Nach diesen Grundsätzen zustande gekommen ist der Kaufvertrag mit der Klägerin, da diese das nächstniedrigere korrekte, nämlich dritthöchste Gebot überboten hat, jedoch zu dem Preis des dritthöchsten Gebots von 2.313 € zuzüglich des eBay-Bietschrittes von 10 €, also 2.323 €.

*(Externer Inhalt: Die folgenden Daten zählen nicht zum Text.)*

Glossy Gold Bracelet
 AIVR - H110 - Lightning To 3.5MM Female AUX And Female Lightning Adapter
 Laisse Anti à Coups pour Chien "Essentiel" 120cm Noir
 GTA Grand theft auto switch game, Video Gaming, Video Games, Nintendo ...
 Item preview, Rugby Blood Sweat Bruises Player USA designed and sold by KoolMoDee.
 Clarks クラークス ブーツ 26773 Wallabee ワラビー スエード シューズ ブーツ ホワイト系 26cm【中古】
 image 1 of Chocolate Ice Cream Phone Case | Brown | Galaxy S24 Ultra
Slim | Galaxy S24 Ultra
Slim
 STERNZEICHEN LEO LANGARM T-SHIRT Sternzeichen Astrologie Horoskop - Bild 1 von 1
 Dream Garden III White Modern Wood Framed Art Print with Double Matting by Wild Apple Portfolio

Die Leistungspflicht zu 1. ist auch nicht ausgeschlossen: Übergabe und Übereignung sind dem Beklagten nicht unmöalich i.S.d. § 275 BGB. Das verkaufte Fahrzeug existiert noch, wurde jedoch bereits an verkauft und übereignet. Von dieser Übereignung hat sich das Gericht bereits aurgruna der glaubhaften und spontanen Angaben des Beklagten im Rahmen seiner persönlichen Anhörung überzeugt sie wird durch den von dem Beklagten mit Schriftsatz 07.01.2020 vorgelegten Kaufvertrag bestätigt. Der Beklagte hat trotz diesbezüglicher Erörterung in der mündlichen Verhandlung nichts dafür vorgetragen, dass ihm ein Rückkauf des Fahrzeugs, auch zu einem höheren Preis, nicht möglich sei oder sonst Unvermögen vorliegt, § 275 I BGB. Vielmehr hat er in der mündlichen Verhandlung geäußert, dass er keinerlei Bemühungen zum Rückkauf unternommen habe. Auch unverhältnismäßige Aufwendungen zur Wiederbeschaffung i.S.d. § 275 II BGB sind nicht vorgetragen. (zu allem: Palandt/Grüneberg, BGB, 76 Aufl., § 275 Rz. 23 m.Nw.).
Der Annahmeverzug des Beklagten gemäß § 298 BGB ist festzustellen, § 756 Abs. 1 ZPO.
Der Schadensersatzanspruch auf Ersatz der vorgerichtlichen Rechtsanwaltskosten folgt aus §§ 280, 286 BGB.
Die Fristsetzung zu 4. ergibt sich aus § 255 ZPO, §§ 280, 281 BGB.
Die – bedingte – Verurteilung zum Schadensersatz zu 5. folgt aus § 281 I 3, IV BGB, §§ 259, 287 ZPO. Die Höhe des Schadensersatzes hat das Gericht aufgrund der Zustandsbeschreibung des Fahrzeugs bei der Auktion und der üblichen Marktpreise geschätzt, ohne dass auf es vom Beklagten behauptete spätere wertsteigernde Maßnahmen vor dem Weiterverkauf ankommt.
Kosten: § 91 ZPO.
Vorläufige Vollstreckbarkeit: § 709 ZPO.